We know \sum_{n=1}^{\infty}\frac{1}{n^x} is uniformly convergent on the interval x\in(1,\infty) and that its sum is called \zeta(x). Proof that \zeta(x) \rightarrow \infty as x \rightarrow 1^+.

Homework Equations

We cannot find the formula that \zeta is given by, but we know
\sum_{n=1}^{\infty}\frac{1}{n^1} diverges.

The Attempt at a Solution

I've already shown that the functional series is uniformly convergent on the above interval and that the derivative also converges uniformly to a limit function, thus \zeta(x) is continuous and can be differentiated.
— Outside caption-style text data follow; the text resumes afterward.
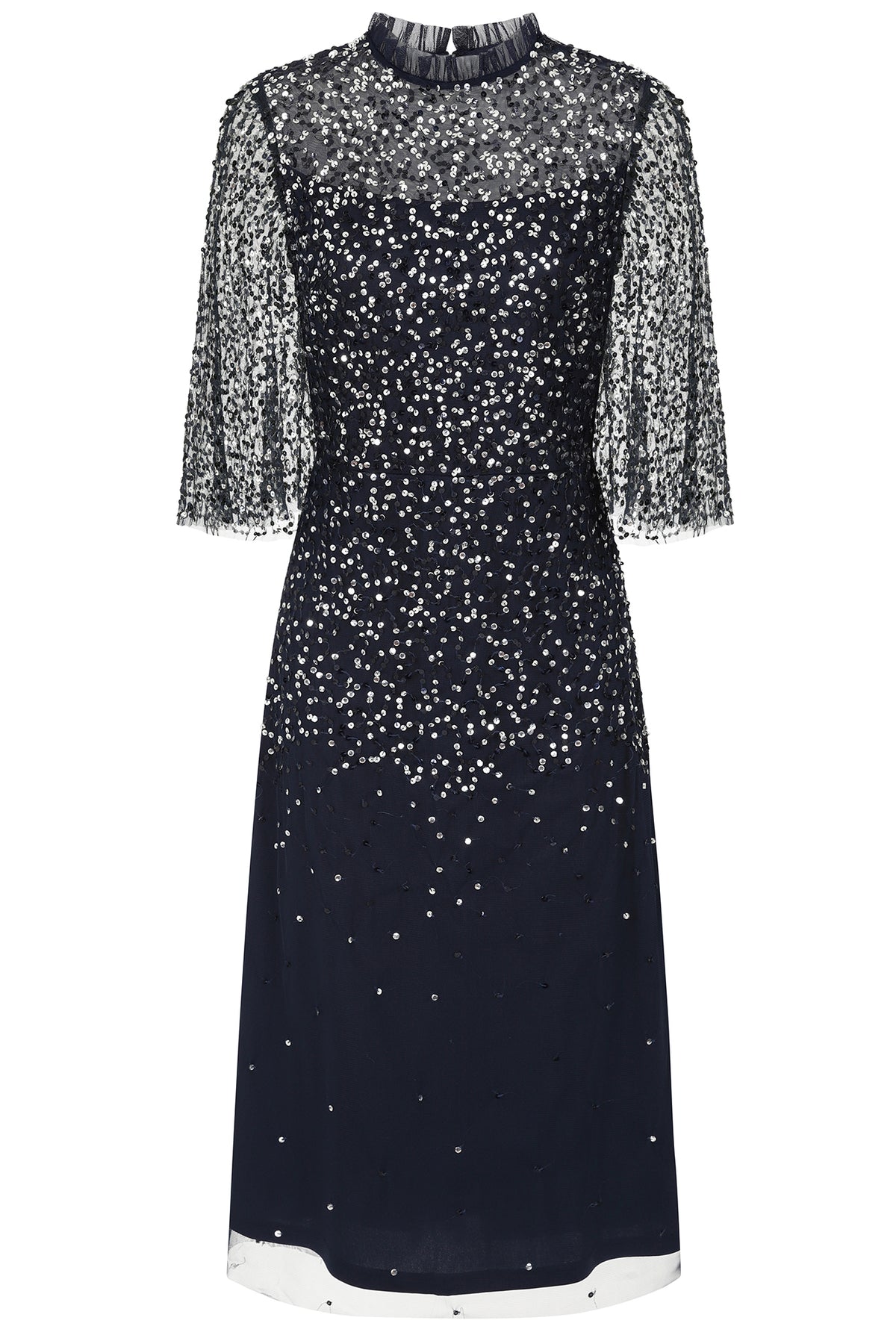 Edna Navy Sequin Midi Dress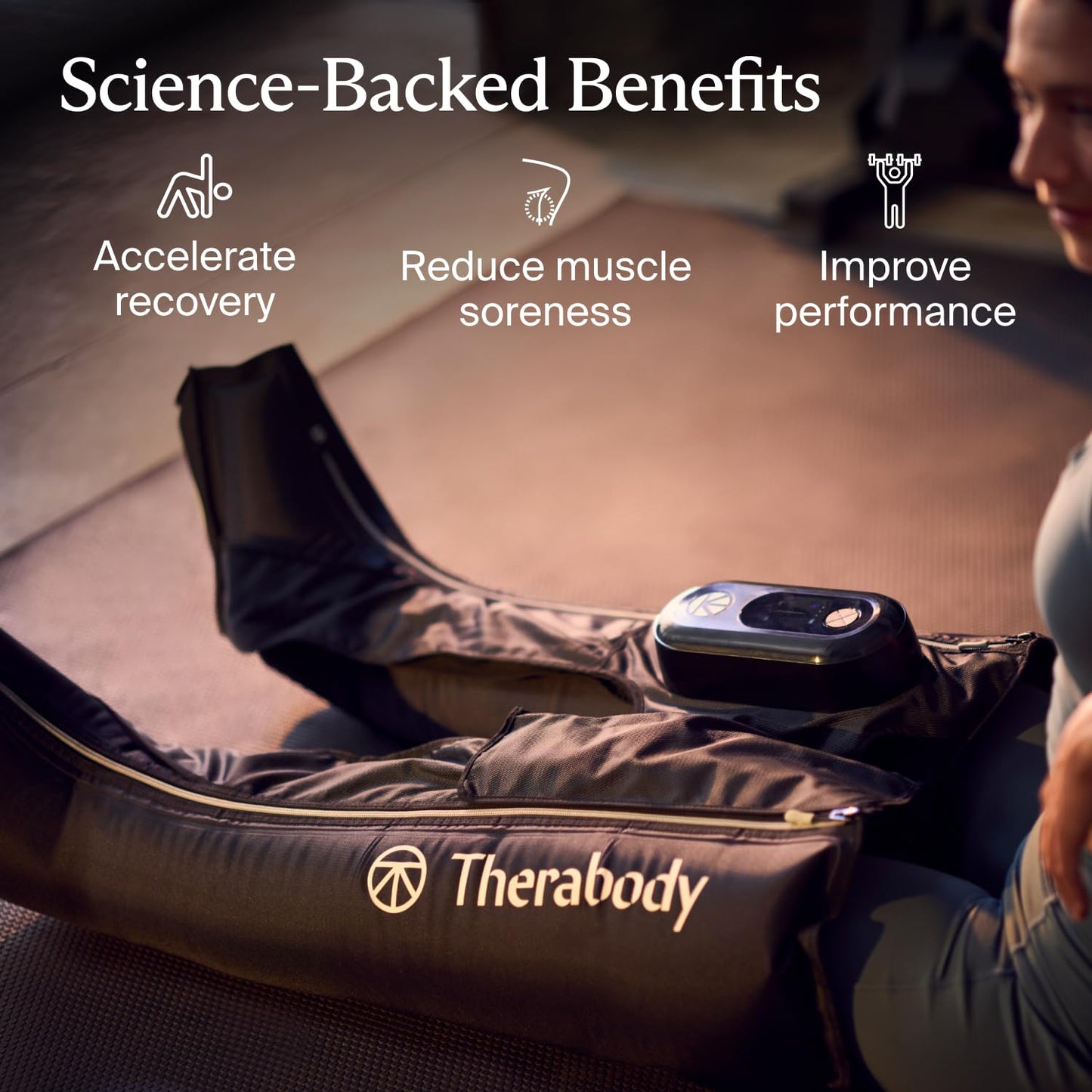 Therabody JetBoots Prime Ultra-Portable, Wireless Compression Boots for Easy Leg Muscle Recovery - Calf, Leg & Thigh Compression Sleeve with Customizable Treatments (Regular)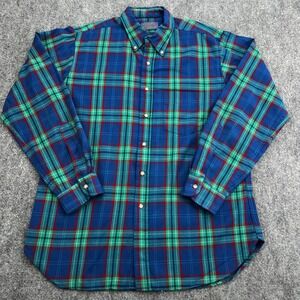 Vintage Pendleton Shirt Men Large Plaid 100% Virgin Wool Flannel Button Down USA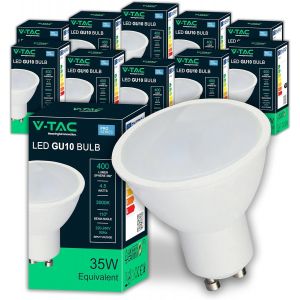 10x Ampoules Led Gu10-4,5w (&Eacute;quivalent 35w) - 400 Lumen - Spot Led Gu10 Pour Une Efficacit&eacute; Maximale Et Une &Eacute;conomie D'&eacute;nergie - Blanc Froid 6500k - Neuf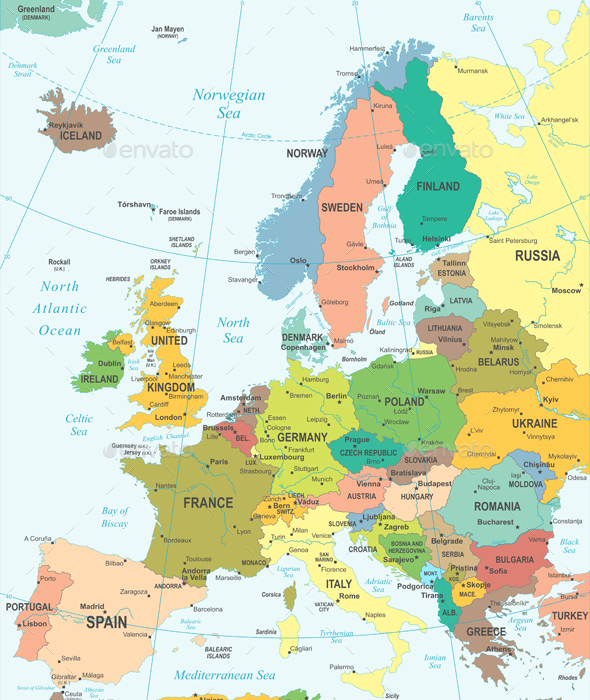 Europe Map - Colored And Grid Illustration. By Dikobrazik 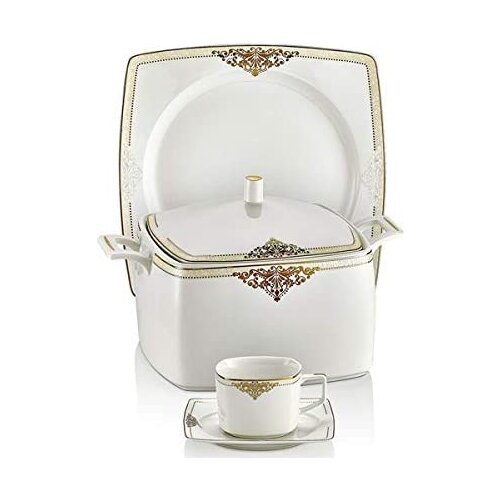 Schafer SHF-4022 85 Pieces 12 Person Bone Porcelain Dinner Set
The solution seem quite apparent: As x approaches 1, the series will approach the harmonic series, and thus it will diverge. Given any M>0, I can find a b>0 so that x \in (1,1+b) \Rightarrow \zeta(x) >M, as we know that we will approach the harmonic series.

However, I'm not quite sure how I can go about formulating a formal proof. For functional series, I suppose I cannot just plug in the limit and say its a harmonic series (especially as it's not defined there).

Under which conditions can I be completely sure that plugging in the relevant x and then let n approach infinity will be equivalent to letting n approach infinity and then let x approach infinity? Or can I approach this in a different way?

Any help will be greatly appreciated!

 

[Dustinsfl]

Why not use the fact that
$$
\sum_{n=1}^{\infty}\frac{1}{n}
$$
is a harmonic series.

Then
$$
1+\frac{k}{2}\leq\sum_{n=1}^{2^k}\frac{1}{n}
$$
as $k\to\infty$
$$
\infty = 1+\frac{k}{2}\leq \sum_{n=1}^{2^k}\frac{1}{n}
$$